Task inputs:

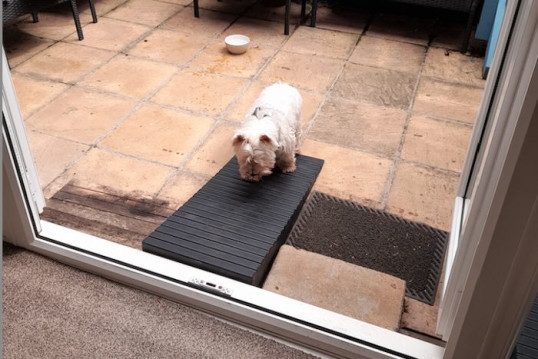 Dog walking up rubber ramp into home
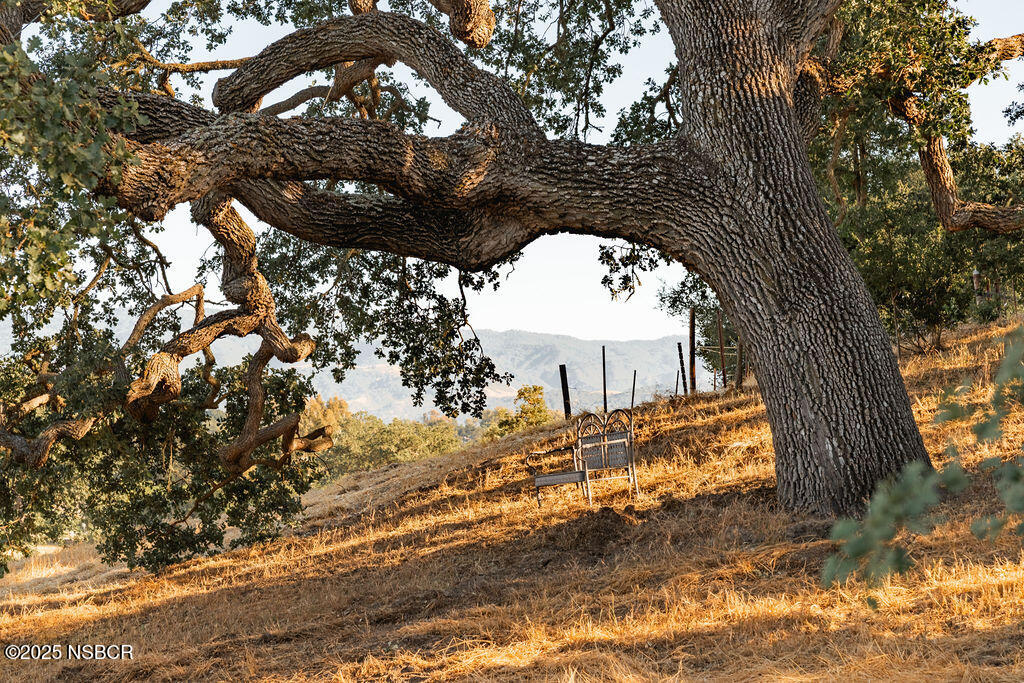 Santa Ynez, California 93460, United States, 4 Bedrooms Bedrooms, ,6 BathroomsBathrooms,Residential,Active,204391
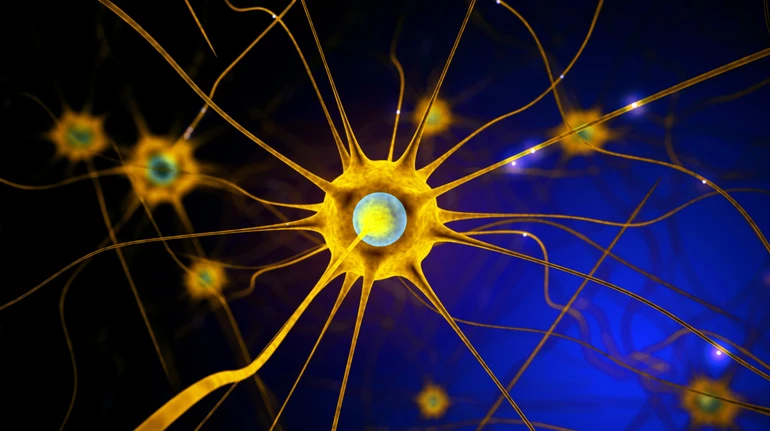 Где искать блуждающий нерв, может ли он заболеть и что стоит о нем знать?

--

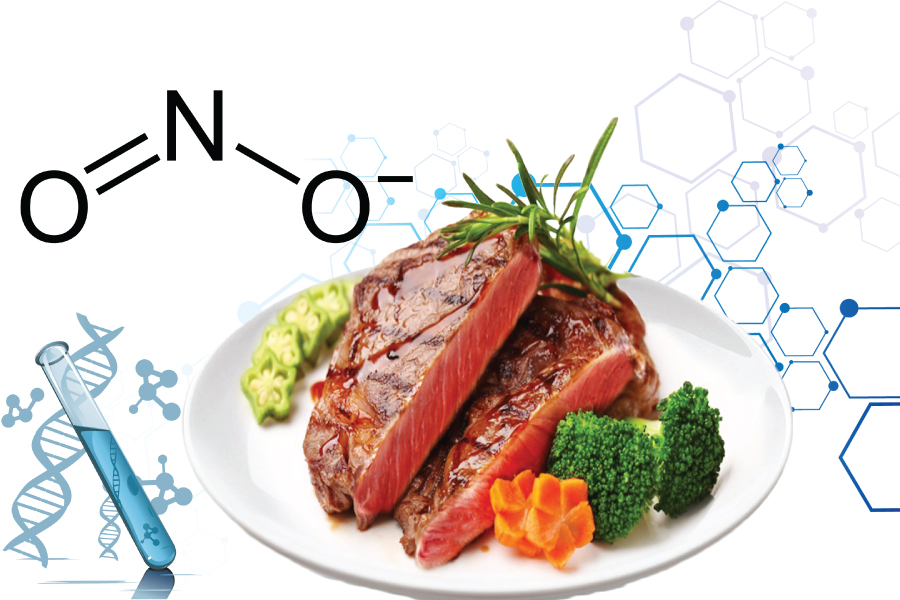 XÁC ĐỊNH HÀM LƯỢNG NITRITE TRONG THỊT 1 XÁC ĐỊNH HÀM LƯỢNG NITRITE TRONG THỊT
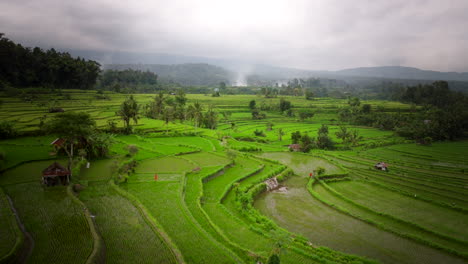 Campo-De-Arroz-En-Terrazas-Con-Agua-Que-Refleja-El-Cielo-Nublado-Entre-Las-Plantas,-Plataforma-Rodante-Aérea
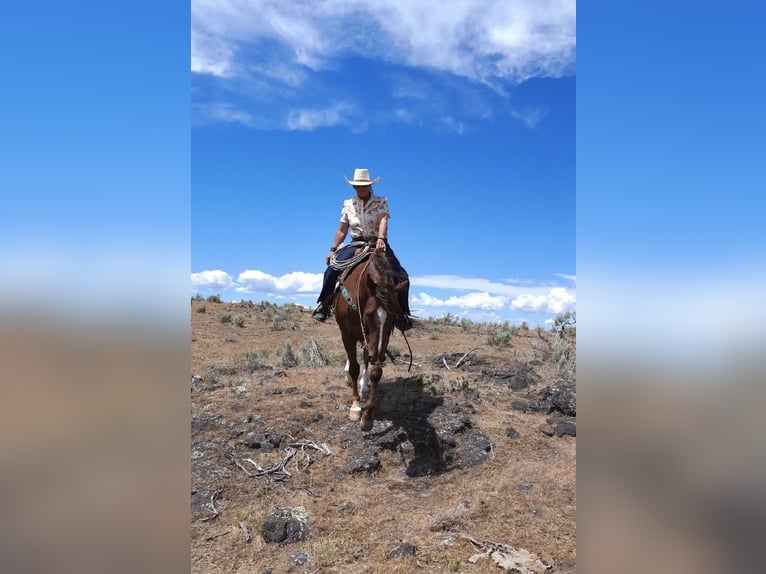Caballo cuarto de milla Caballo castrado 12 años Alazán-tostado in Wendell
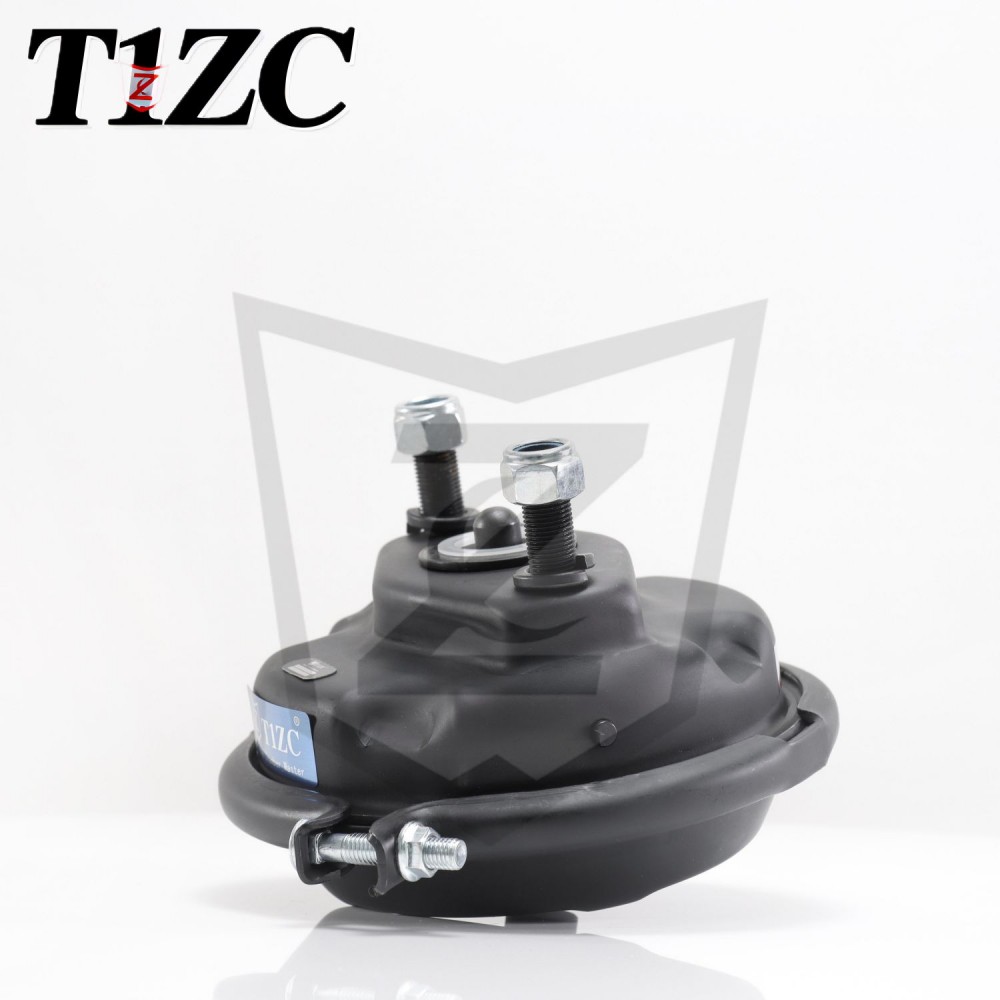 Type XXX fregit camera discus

---

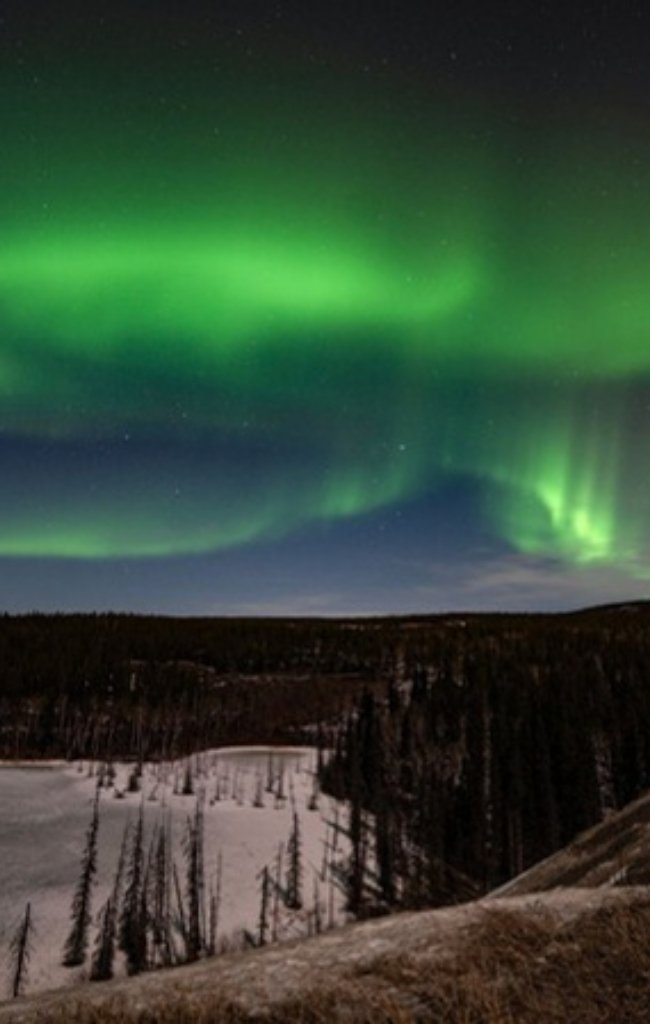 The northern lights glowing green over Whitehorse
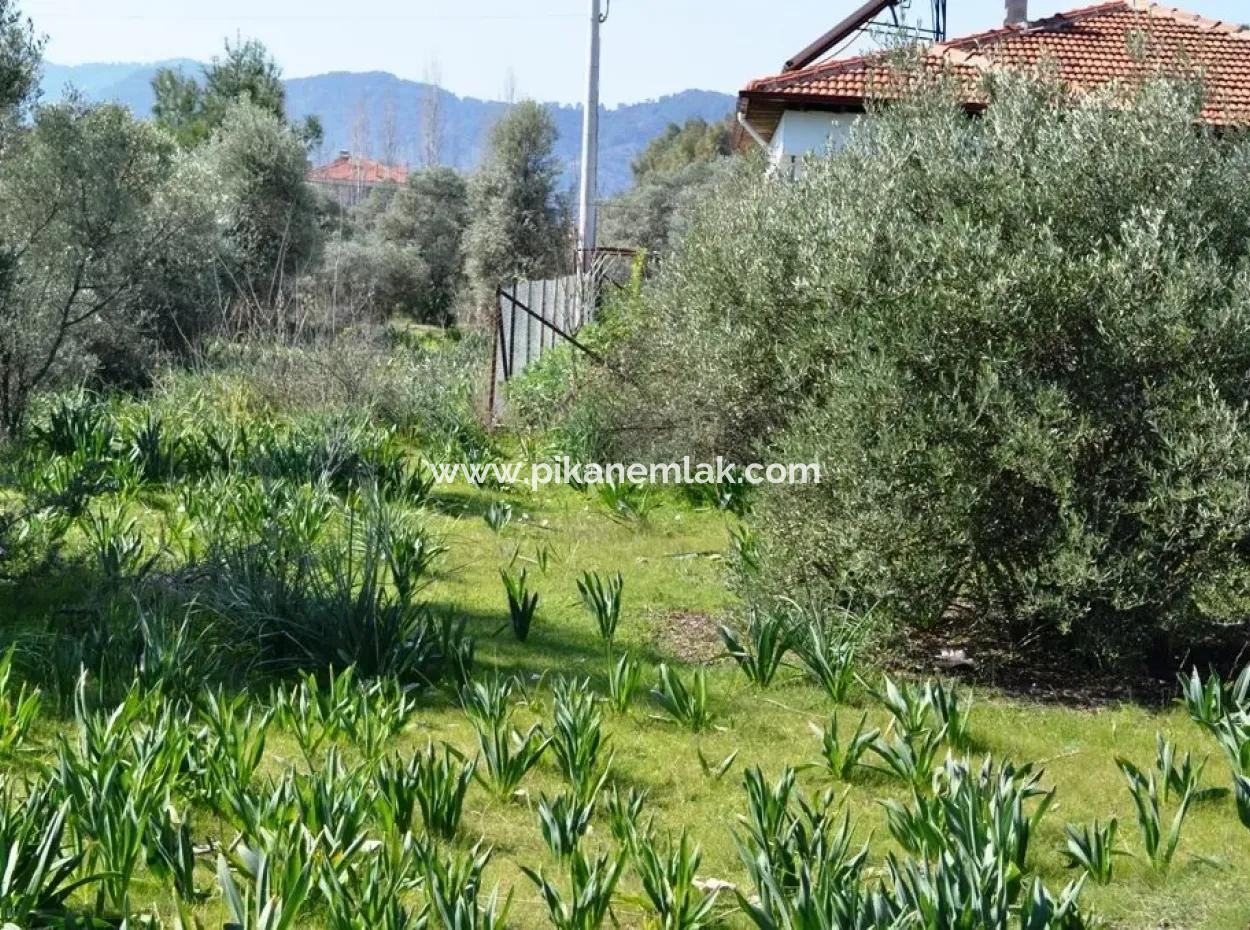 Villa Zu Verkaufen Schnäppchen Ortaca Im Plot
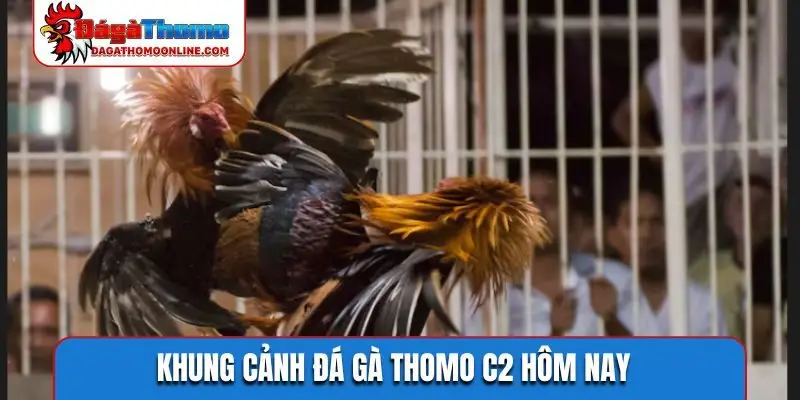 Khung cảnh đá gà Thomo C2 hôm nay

Work to be completed: Find the line with "Santa Ynez, California" in the data above, and from there retype each line exactly through the line with "Где искать блуждающий", skipping the pictures along the way.

Exercise result:
 Santa Ynez, California 93460, United States, 4 Bedrooms Bedrooms, ,6 BathroomsBathrooms,Residential,Active,204391
 Где искать блуждающий нерв, может ли он заболеть и что стоит о нем знать?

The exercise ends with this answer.